In this section
Transport of any patient is potentially dangerous, and the risks of transport/transfer must always be taken into account when such decisions are being made. A planned and measured approach prior to a transfer should make the transfer uneventful.
PIPER Paediatric Infant Perinatal Emergency Retrieval
ARV Adult Retrieval Victoria
AV Ambulance Victoria
AAV Air Ambulance Victoria
ICU Intensive Care Unit
When the principal issue of concern is safe care of a medically unstable woman, it is anticipated that the Adult Retrieval Victoria (ARV) on-call retrieval physician will have been involved in the preceding consultative process, and if they deem it appropriate, will become the lead agency responsible for facilitating transfer. This includes, if necessary, provision of a medical retrieval team to support the paramedics in the care of a seriously unwell woman, who will usually be en route to an adult ICU bed.
An ambulance or an aircraft is not an appropriate place for a birth to occur. Transport may be appropriate once labour is suppressed. When it is considered likely that delivery is imminent, it is more appropriate not to attempt in utero transfer, but rather to deliver the baby locally and transport the mother and newborn subsequently and as required.
Accountability for the care of patients in transit rests with Ambulance Victoria (AV) and this includes monitoring, recording of clinical assessments and interventions. In nearly all cases, clinical care of the pregnant woman in transit is within the skill set of the attending paramedics. Therefore a midwife escort from the referring health service is not generally required to accompany in utero transfers.
Cardiotography (CTG) is not continued during transfer as there is no option to action any perceived abnormalities before arrival at the destination hospital.
If a public health service proposes that a midwife escort is required there should first be a discussion between the duty AV Clinician and the PIPER Perinatal consultant regarding the rationale for requesting a midwife escort, taking into account the skill set of the available AV staff as well as the impact on staffing at the referring hospital being asked to provide an escort. If agreement cannot be reached, the discussion should be escalated to the PIPER Perinatal Medical Director and the AV Regional Duty Manager
If there is agreement that a health service employee accompanies the patient, then the boundaries of their role during the transfer need to be clarified. Furthermore, there should be clear authorisation of the employee by an appropriate health service representative (executive or delegate) to undertake that role. The health service is responsible for the return costs of the accompanying staff member.
All patients must be adequately prepared and stabilised prior to transport, and in many cases this can be done prior to arrival of the transport team.
Documentation is required by the transport team and by the receiving facility in order to provide appropriate ongoing care. The chain of responsibility must be clear throughout transfer. Formal handover from referring team to transport team, and from transport team to receiving team is essential.
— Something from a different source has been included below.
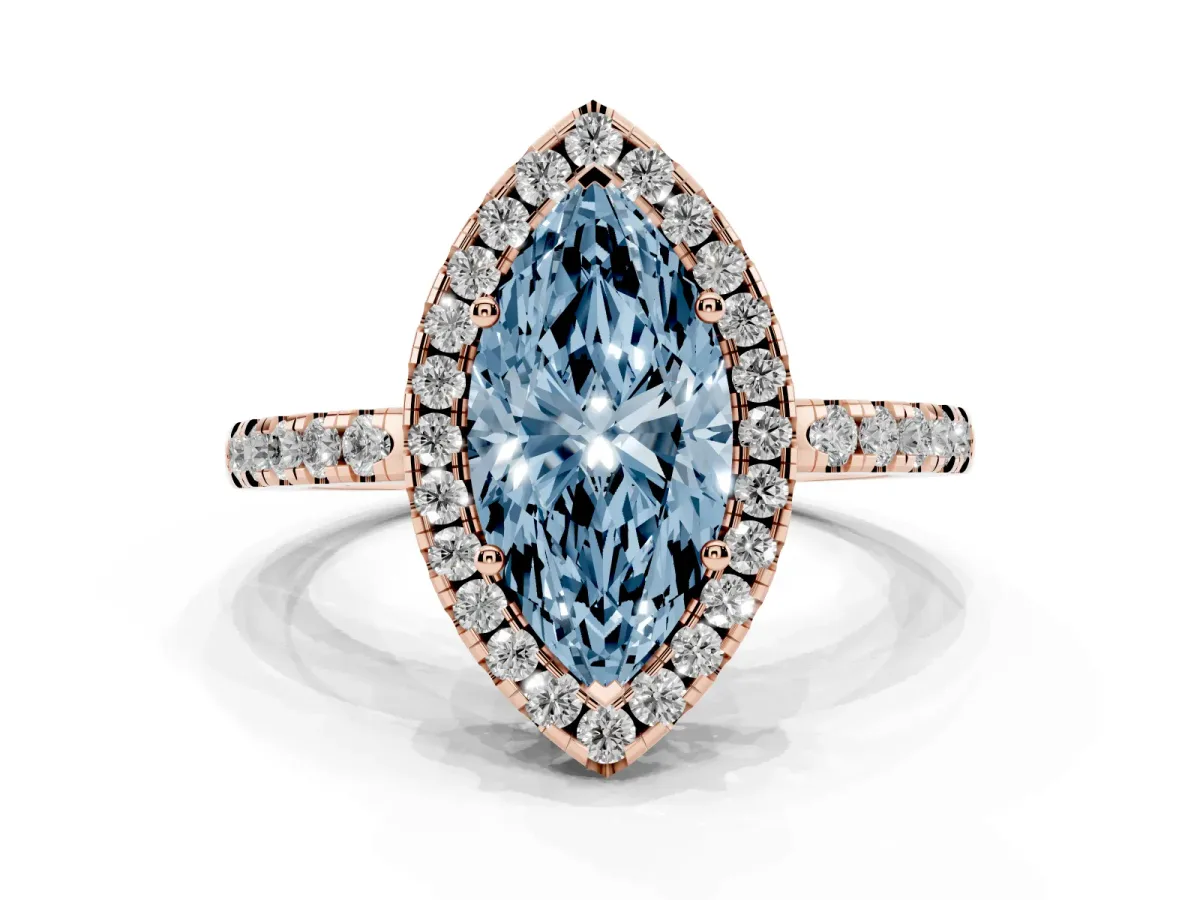 Fancy Blue Marquise Cut Halo Diamond Engagement Ring with Pavé Band and Four-Prong Setting Rose gold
The transport team should communicate with the PIPER Perinatal consultant if the clinical condition of the patient changes en route.
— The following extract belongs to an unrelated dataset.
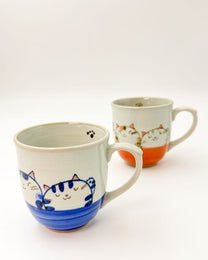 SETO WARE HAND PAINTED CAT MUG | BLUE &amp; RED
Lateral tilt for supine pregnant women is critical over long journeys; whilst maternity unit staff will recognise this need it is wise to reinforce such a need for careful patient positioning to non-obstetric non-midwifery personnel.
All patients in whom intravenous access is likely to be required during transfer should have one or two (depending on the clinical situation) venous cannulae inserted and secured prior to transfer. Any needed infusions should be prepared prior to transport and labelled accurately. AAV currently utilise syringe pumps for infusions with additives and any preparations should be drawn up into 50 ml syringes and labelled accordingly.
All patients should be asked to empty their bladder prior to transfer; consideration should be given to inserting an indwelling catheter in the event of aerial transfer of patients with a significant anticipated intravenous fluid intake.
Parenteral administration of an antiemetic should be considered if there is a past history of motion sickness, or if the current condition of the patient is associated with significant risk of vomiting (eg. bowel obstruction). A nasogastric tube should be inserted prior to transport if active vomiting is not suppressed by the antiemetic.
Anaemia reduces the oxygen carrying capacity of the blood; this is exacerbated at altitude due to the reduced partial pressure of oxygen. Patients with a haemoglobin concentration less than 7g/dL should ideally be transfused prior to transfer.